<<<<
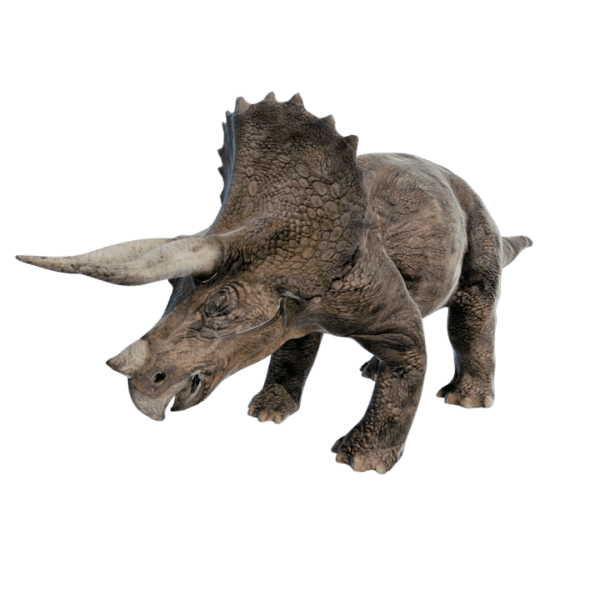 Triceratops 3d model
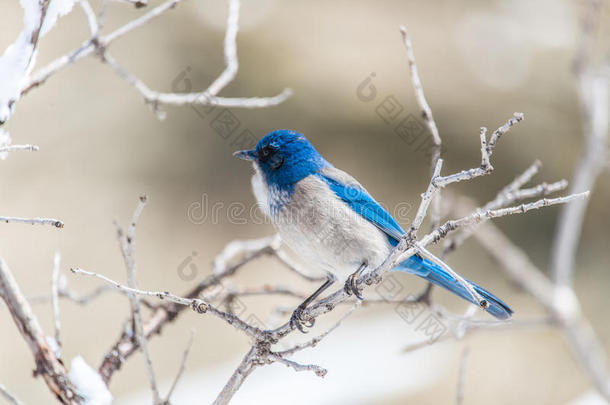 冬鸟摄影-蓝色鸟向雪大量的灌木树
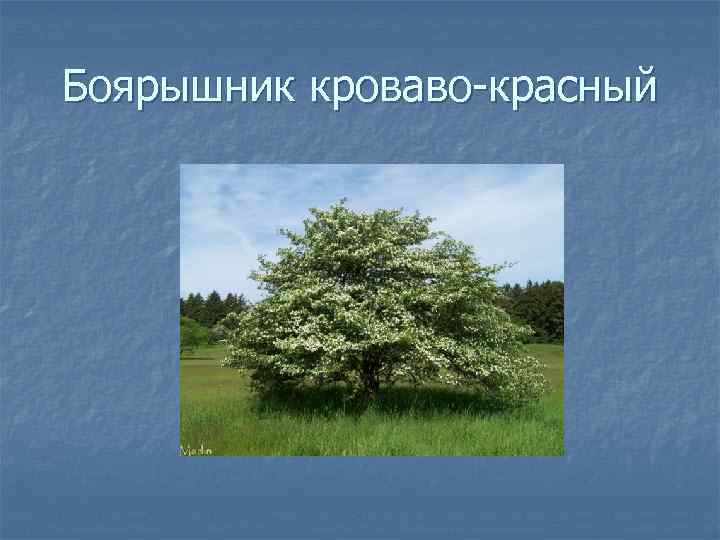 Боярышник кроваво-красный 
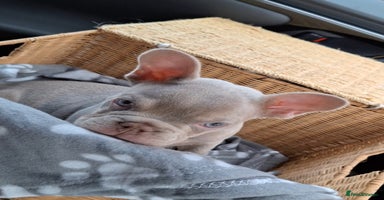French Bulldog dogs - Advert 11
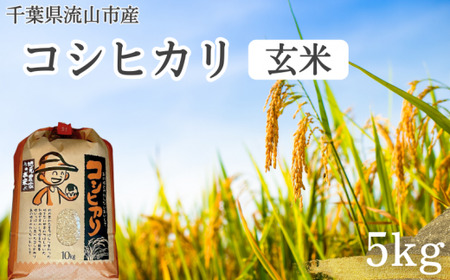 コシヒカリ 米 5kg 新川耕地 玄米 単発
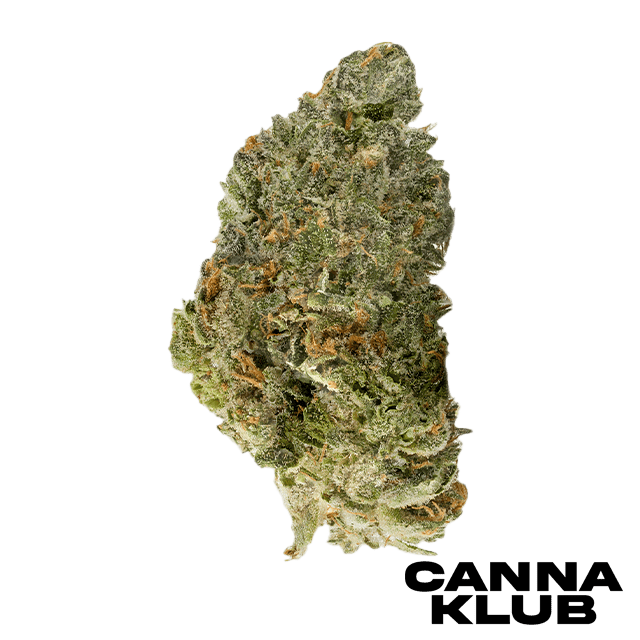 GLACIER FALLS 1.2G SNOW GLOBE at Canna Klub Rose City, Recreational Marijuana Dispensary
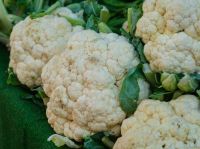 Chouxfleurs cauliflower fresh cauliflower in the market vitamin,season,tasty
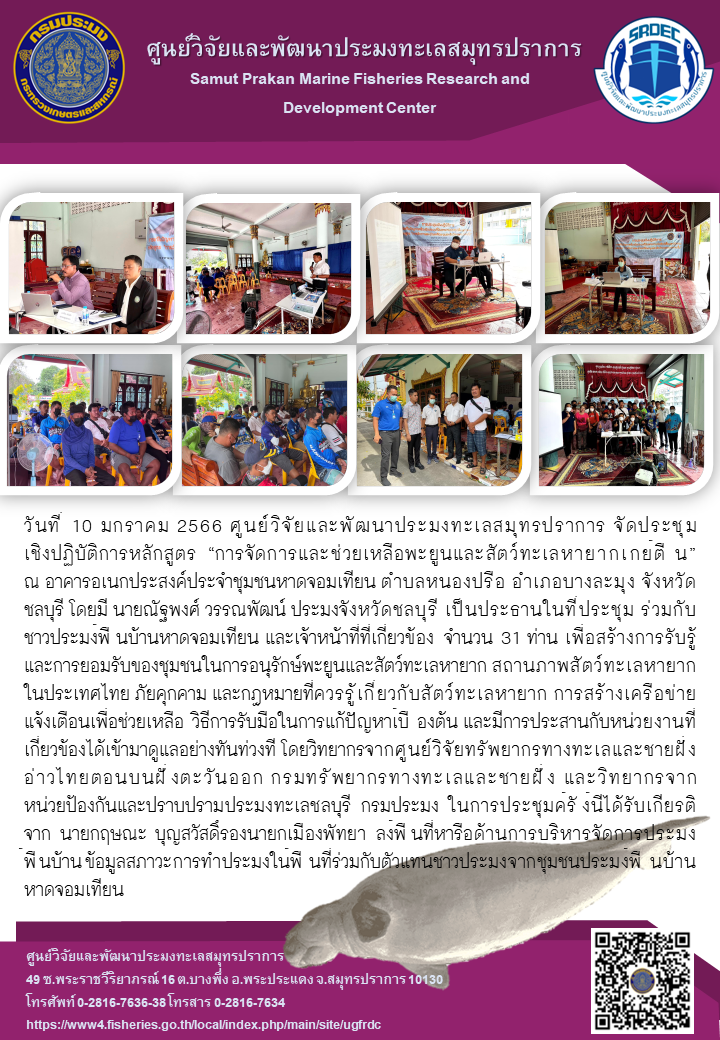 วันที่ 10 มกราคม 2566 ศูนย์วิจัยและพัฒนาประมงทะเลสมุทรปราการ จัดประชุมเชิงปฏิบัติการหลักสูตร “การจัดการและช่วยเหลือพะยูนสัตว์ทะเลหายากเกยตื้น” ณ อาคารอเนกประสงค์ประจำชุมชนหาดจอมเทียน ตำบลหนองปรือ อำเภอบางละมุง จังหวัดชลบุรี โดยมี นายณัฐพงศ์ วรรณพัฒน์ ประมงจังหวัดชลบุรี เป็นประธานในที่ประชุม ร่วมกับชาวประมงพื้นบ้านหาดจอมเทียน และเจ้าหน้าที่ที่เกี่ยวข้อง จำนวน 31 ท่าน เพื่อสร้างการรับรู้และการยอมรับของชุมชนในการอนุรักษ์พะยูนและสัตวฺทะเลหายาก สถานภาพสัตว์ทะเลหายากในประเทศไทย ภัยคุกคาม และกฎหมายที่ควรรู้เกี่ยวกับสัตว์ทะเลหายาก..คลิก
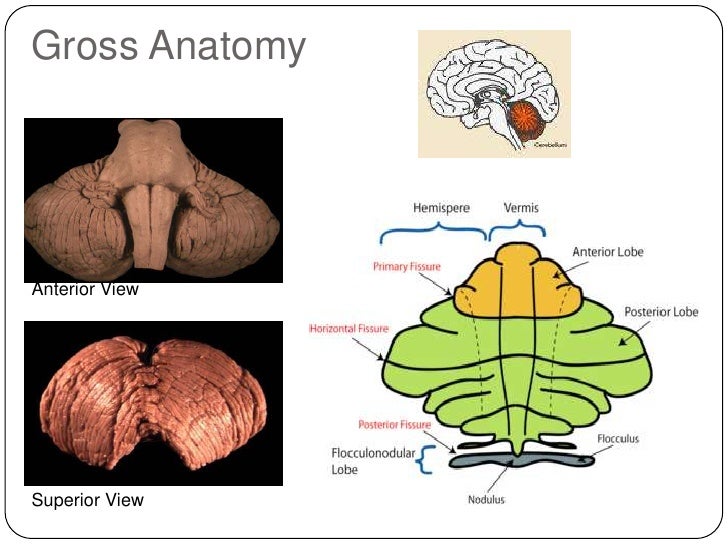 Cerebellum And Alcohol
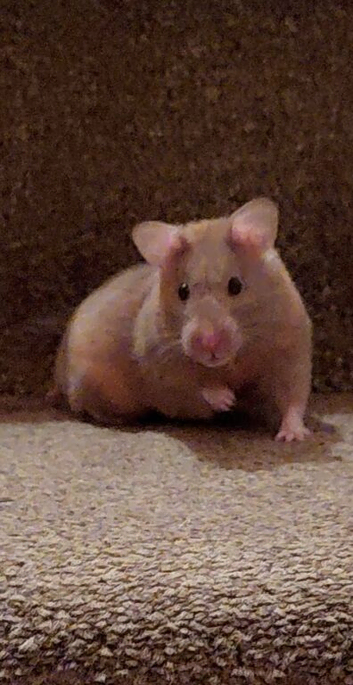 Female syrian hamster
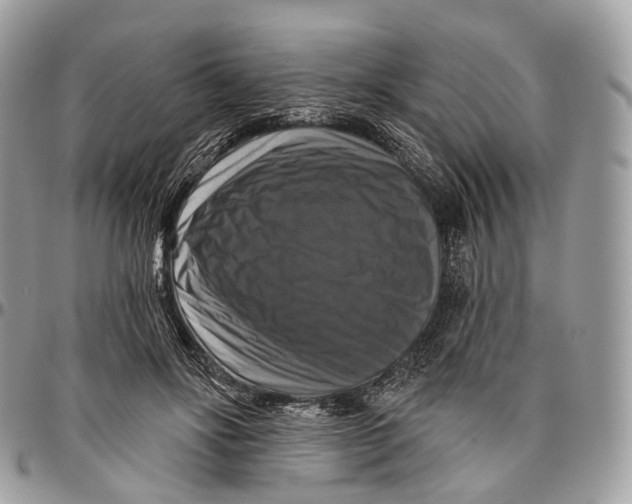 X0000096470502200802141701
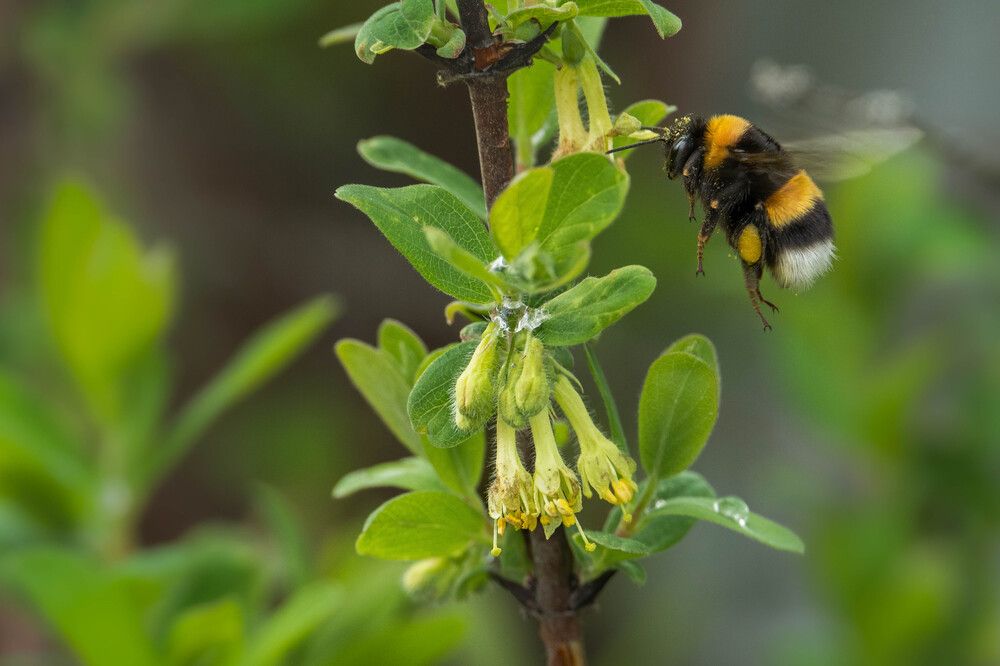 Photograph by Илья Горшенков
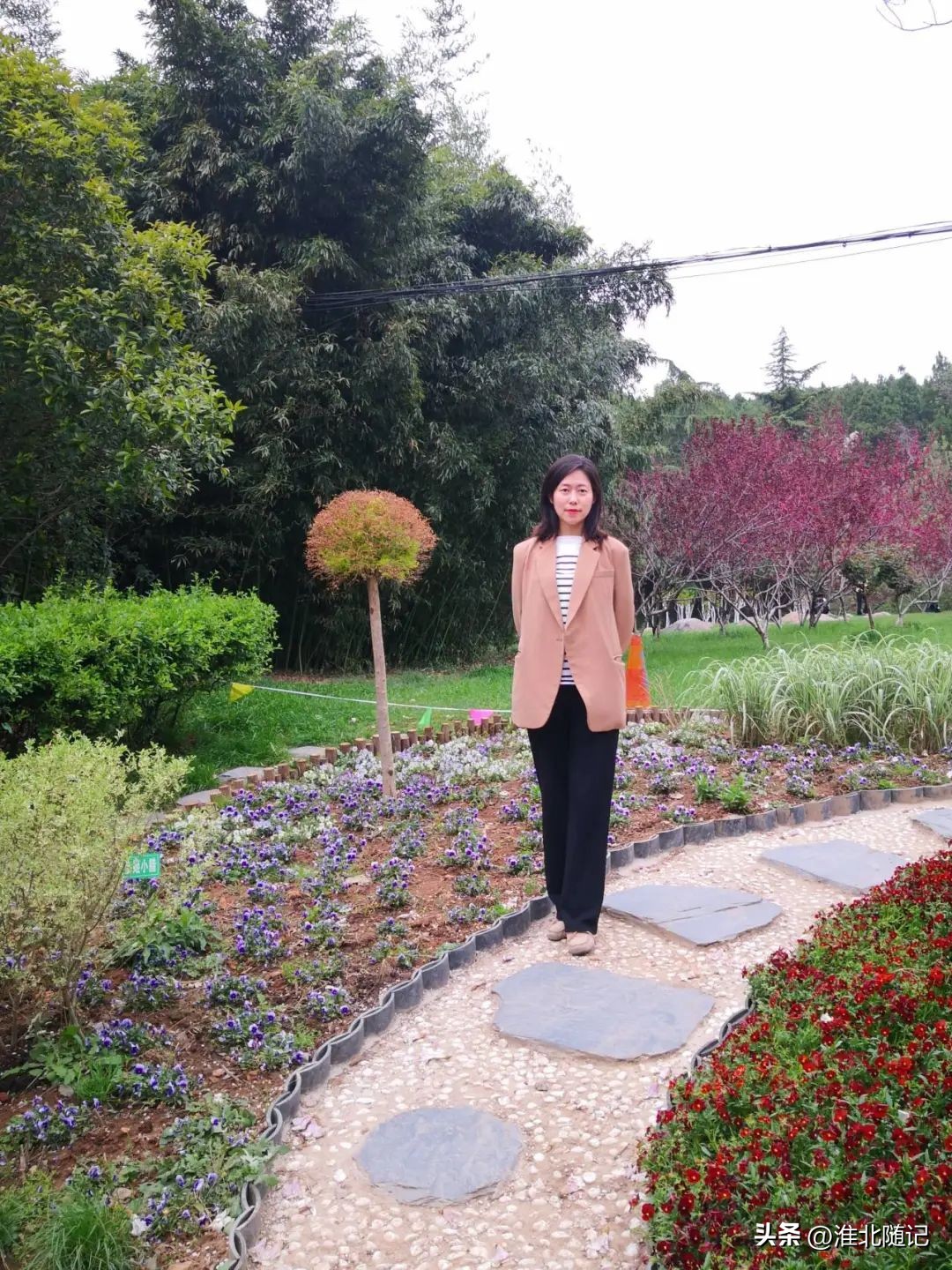 淮北市一中优质课,淮北2021高中优质课大赛获奖名单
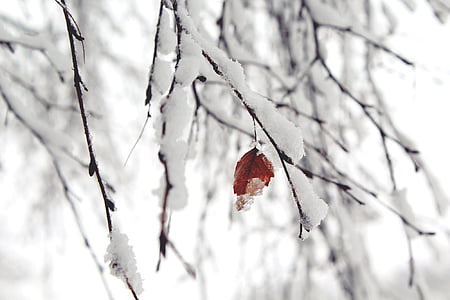 neve, Ramos, Inverno, natureza, árvore, frio, filial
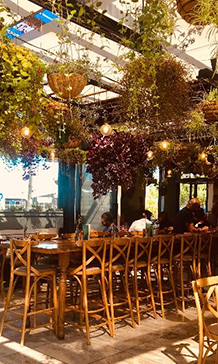 Spring in Auckland is a great time for dining ourdoors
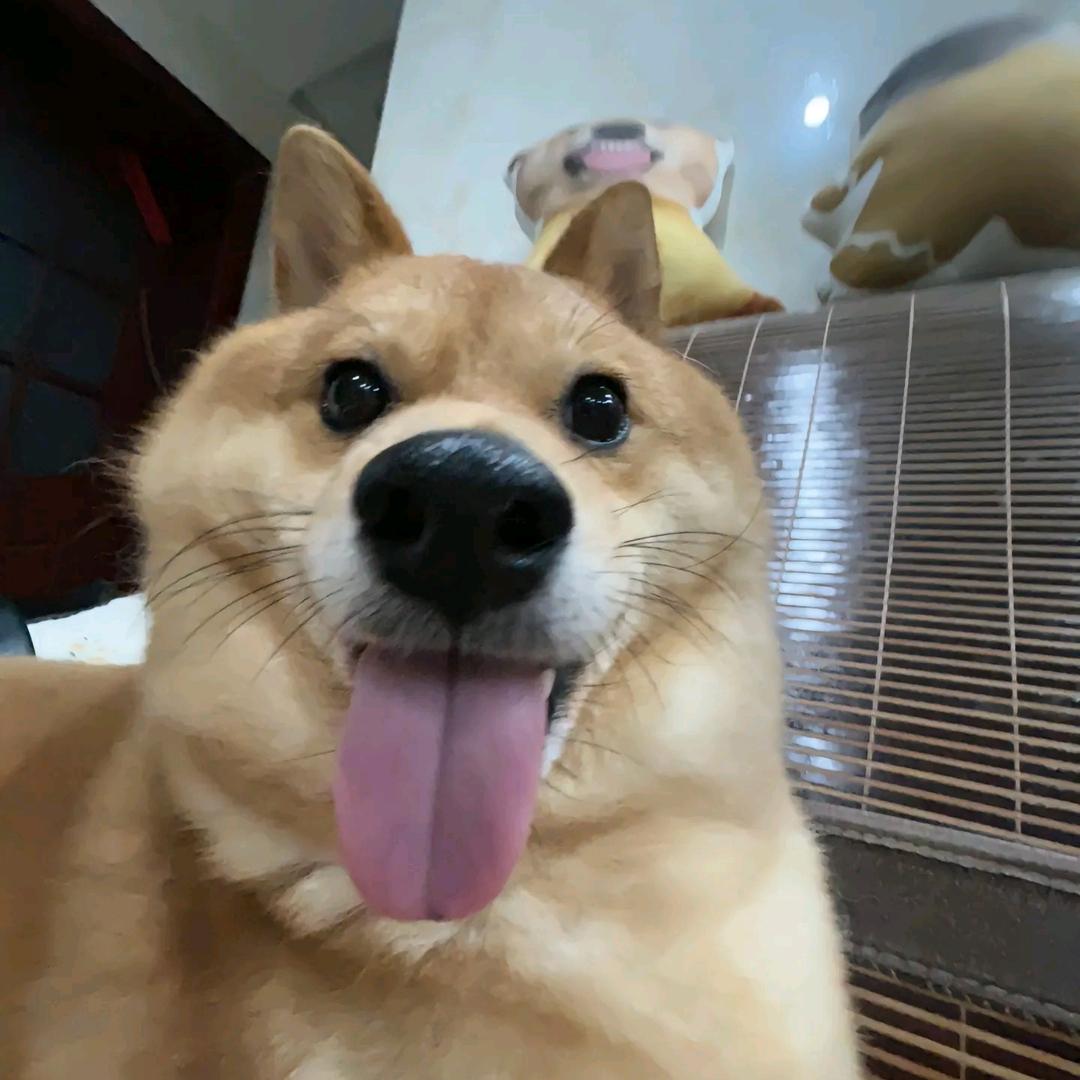 不瘦三百斤不改名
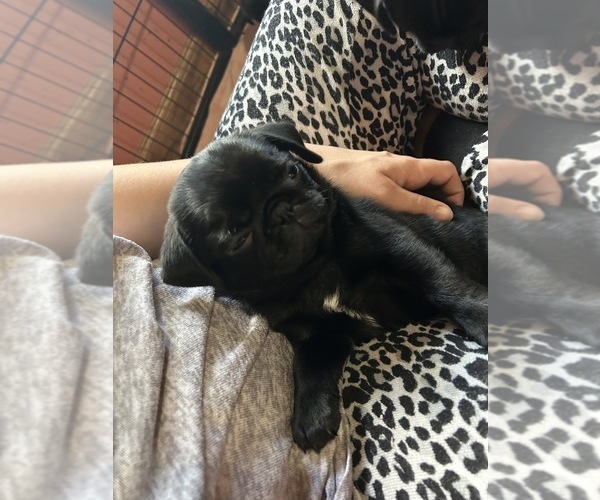 Medium Photo #6 Pug Puppy For Sale in BLOOMINGTON, IL, USA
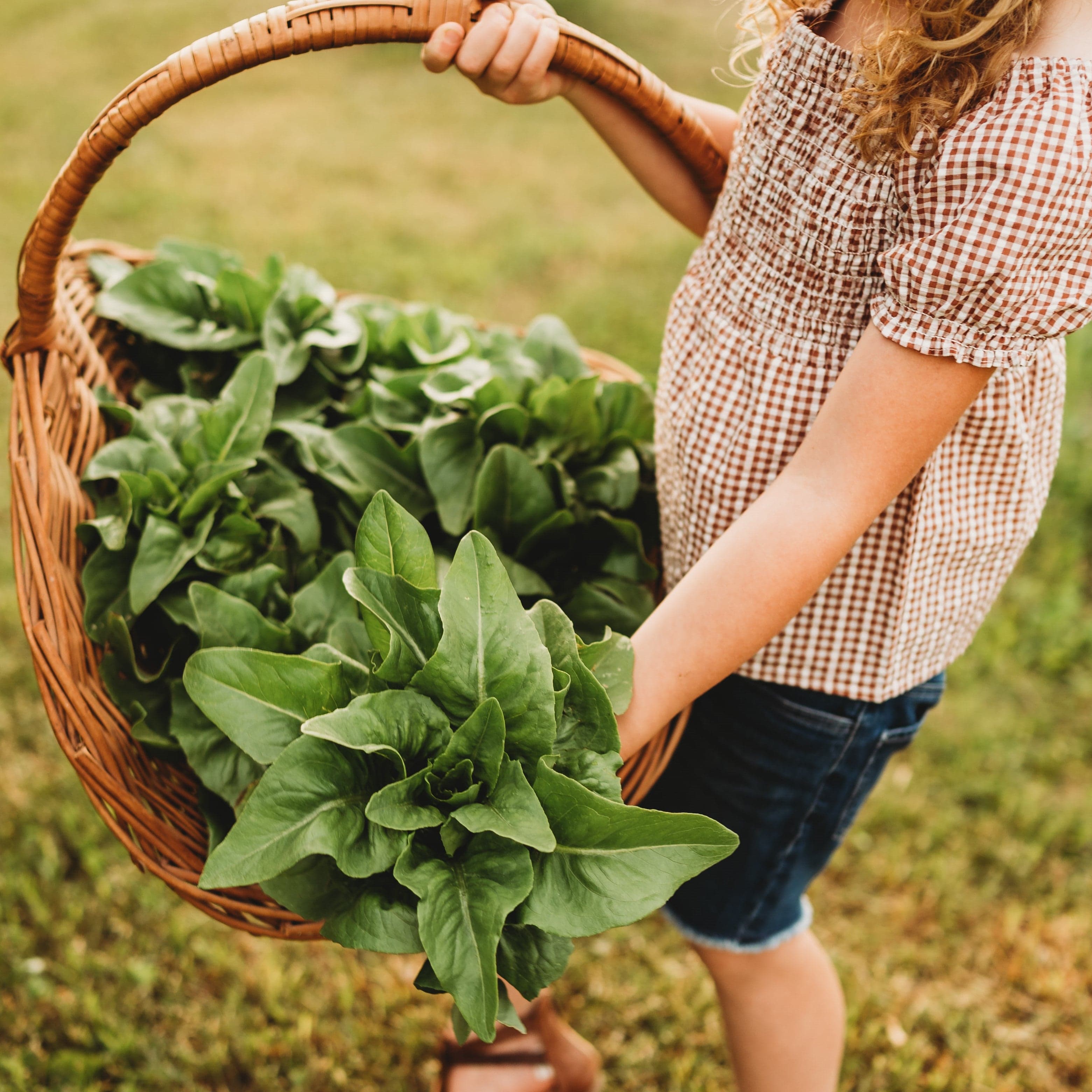 Amish Deer Tongue Heirloom Lettuce Seeds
>>>>
Each record needs to be reproduced exactly, and no image should be carried over.

§ **Task answer**
 Triceratops 3d model
 冬鸟摄影-蓝色鸟向雪大量的灌木树
 Боярышник кроваво-красный 
French Bulldog dogs - Advert 11
 コシヒカリ 米 5kg 新川耕地 玄米 単発
 GLACIER FALLS 1.2G SNOW GLOBE at Canna Klub Rose City, Recreational Marijuana Dispensary
 Chouxfleurs cauliflower fresh cauliflower in the market vitamin,season,tasty
 วันที่ 10 มกราคม 2566 ศูนย์วิจัยและพัฒนาประมงทะเลสมุทรปราการ จัดประชุมเชิงปฏิบัติการหลักสูตร “การจัดการและช่วยเหลือพะยูนสัตว์ทะเลหายากเกยตื้น” ณ อาคารอเนกประสงค์ประจำชุมชนหาดจอมเทียน ตำบลหนองปรือ อำเภอบางละมุง จังหวัดชลบุรี โดยมี นายณัฐพงศ์ วรรณพัฒน์ ประมงจังหวัดชลบุรี เป็นประธานในที่ประชุม ร่วมกับชาวประมงพื้นบ้านหาดจอมเทียน และเจ้าหน้าที่ที่เกี่ยวข้อง จำนวน 31 ท่าน เพื่อสร้างการรับรู้และการยอมรับของชุมชนในการอนุรักษ์พะยูนและสัตวฺทะเลหายาก สถานภาพสัตว์ทะเลหายากในประเทศไทย ภัยคุกคาม และกฎหมายที่ควรรู้เกี่ยวกับสัตว์ทะเลหายาก..คลิก
 Cerebellum And Alcohol
 Female syrian hamster
 X0000096470502200802141701
 Photograph by Илья Горшенков
 淮北市一中优质课,淮北2021高中优质课大赛获奖名单
 neve, Ramos, Inverno, natureza, árvore, frio, filial
 Spring in Auckland is a great time for dining ourdoors
 不瘦三百斤不改名
 Medium Photo #6 Pug Puppy For Sale in BLOOMINGTON, IL, USA
 Amish Deer Tongue Heirloom Lettuce Seeds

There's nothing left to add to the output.